A dangerous development

ASIC said it had begun sending notices to ISPs requesting blocked access to websites over the past nine months as part of its law enforcement capabilities.

“It is a remarkably dangerous development,” Senator Ludlam told The ­Australian Financial Review.

“It’s extraordinarily difficult to find who has issued these notices and on behalf of whom, for what categories of content, or what you do if you find yourself on a block list. We’ve got a very serious problem and it’s not at all clear whether the government knows what it’s actually doing,” he said.

Communications Minister Stephen Conroy dumped long-held and controversial plans last year for a mandatory internet filter, which would have blocked access to a list of websites that included child pornography, terrorism and other illegal material.
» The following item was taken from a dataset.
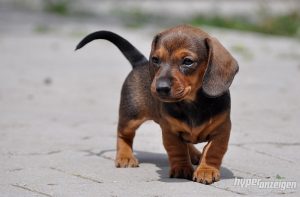 Запоріжанку обманули на 100 тисяч гривень шахраї під час покупки цуценяти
The filter proposal was replaced by a restricted scheme of websites containing child abuse material, based on a list maintained by Interpol.

The AFP used the telecommunications powers to direct service providers to block access.

Budget documents released on Tuesday revealed the filter’s dumping would save the government $4.5 million.

‘A mandatory net filtering’

But Senator Ludlam said revelations that ASIC had used the same federal powers, available since 1997, to request similar removals amounted to “mandatory net filtering against no list at all”.

“What is to stop this being used for a whole range of things? “

“These are legally enforceable notices that are being dropped on ISPs,” he said. “There is no scope to creep, what even is the scope?

The chief regulatory officer for big ISP iiNet, Steve Dalby, said while the AFP-led scheme to take down child abuse material was transparent, no such oversight was apparent in other government agencies using the notices.

“If other agencies go through a similar sort of process, with similar rigour, and are prepared to share that process with others, and there are things like appeal processes behind it all, then there is a position to convince people to take the steps they’re requesting.”An ASIC spokesman said the agency was “reviewing its processes used to disrupt access to fraudulent web sites to ensure that inadvertent impact is not caused to any innocent web site”.

“I don’t know that it occurred with ASIC, it suspiciously seems like it may not have, given there was no splash page, there was no explanation of what to do if your web site got blocked and if you believed it was unfair blocking.”

Government responsibility

Mr Dalby said iiNet had previously complied with notices sent by the AFP to take down web sites that contained illegal material such as terrorism information.

“We don’t want to be making any decisions of where we should comply with an instruction from a law enforcement agency; it should be them making that call,” he said.

“They have an enforcement role to perform but they also have an obligation to do it in such a way that it complies with the normal tests of evidence and onus of proof.”

ASIC has previously come under the spotlight in September last year after it requested greater powers to intercept telephone calls and internet use of stock brokers and fund managers as part of a parliamentary inquiry into expanded national security laws.

The body’s commissioner, Greg Tanzer, claimed at the time that ASIC was “operating with one hand tied behind its back”.